A fixed part of my daily routine is to check my blood pressure, blood sugar and weight, to ensure that I have all those things as much under control as possible. Though I am not suffering from any particular illness, I have found that to maintain general health it is good to monitor those vital signs.
Should they get out of balance, damage might be done before obvious symptoms alert me to the problem. Keeping track of these vital signs then is one aspect of a regimen of health.
I am fully aware that one may have perfectly normal blood pressure, and one’s weight may be just what the charts suggests, and still have major health concerns. I am also aware that a person may be under or over weight, have abnormal blood pressure or exhibit other irregular signs, but still be in very good health.
The signs are simply indicators, objective measurements that have demonstrated ability to predict or suggest health problems.
Spiritual health is even more important than the health of one’s body. Our souls are eternal. Nothing is more important than insuring one’s entrance into eternal life (Matthew 16:26).
Yet souls or spirits may develop problems which endanger that entrance. Many realize that their spirits are fatally affected after much damage has already been done, and when it may be very difficult to escape condemnation. Such is tragic.
There are vital signs of spiritual health just as there are of one’s physical condition. Like blood pressure and weight, these serve as indicators to warn us when danger encroaches. Not all dangers produce the same signs. Not all signs mean the same thing. But a general awareness and watchfulness in these areas can be greatly beneficial.
Most people consider the regular practice of religious activities to be the best and most reliable vital sign for Christians.

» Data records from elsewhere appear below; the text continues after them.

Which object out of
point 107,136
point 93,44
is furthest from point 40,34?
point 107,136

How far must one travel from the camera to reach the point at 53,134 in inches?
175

If one goes to church, prays, reads his or her Bible, and gives generously to the church or to the needy, one is considered to be a faithful Christian, in good spiritual health and with no concerns for his soul’s salvation.
Lest we place too much confidence in those indicators however, let us recognize that by those standards, the Pharisees of the first century were among the most spiritually healthy people the world has ever known. Few groups have ever practiced religion more strictly, zealously, or consistently than they.
Yet Jesus repeatedly condemned them as hypocrites (Matthew 23) and stated, “Unless your righteousness exceeds the righteousness of the scribes and Pharisees, you will by no means enter the kingdom of heaven (Matthew 5:20).
These groups prayed many long prayers, gave much to help the poor, and labored long in their religious duties. But they were extremely unhealthy, in a spiritual sense.
The Galatian Christians caused Paul to worry about their spiritual health because of ominous signs which he witnessed. They observed legalistic rules imposed on them by others. They kept commandments of men, rather than depending upon God’s grace for salvation. They were in danger of apostasy.
In Galatians 5:16-25, the apostle lists a number of signs which indicate whether one is in good spiritual health. If one is walking by the flesh, he will do the works of the flesh, such as adultery, uncleanness, idolatry, envy, etc. If however one is walking according to the spirit he will bear fruits of the spirit — love, joy, peace, longsuffering, kindness, goodness, etc.
As we attempt to monitor our spirit’s state of healthfulness, let us not think only of our physical religious activity. Let us also consider the presence or absence of such qualities as joy and kindness in our lives. If these are absent we may have great cause to be concerned, whether or not we continue to attend all the assemblies of the church.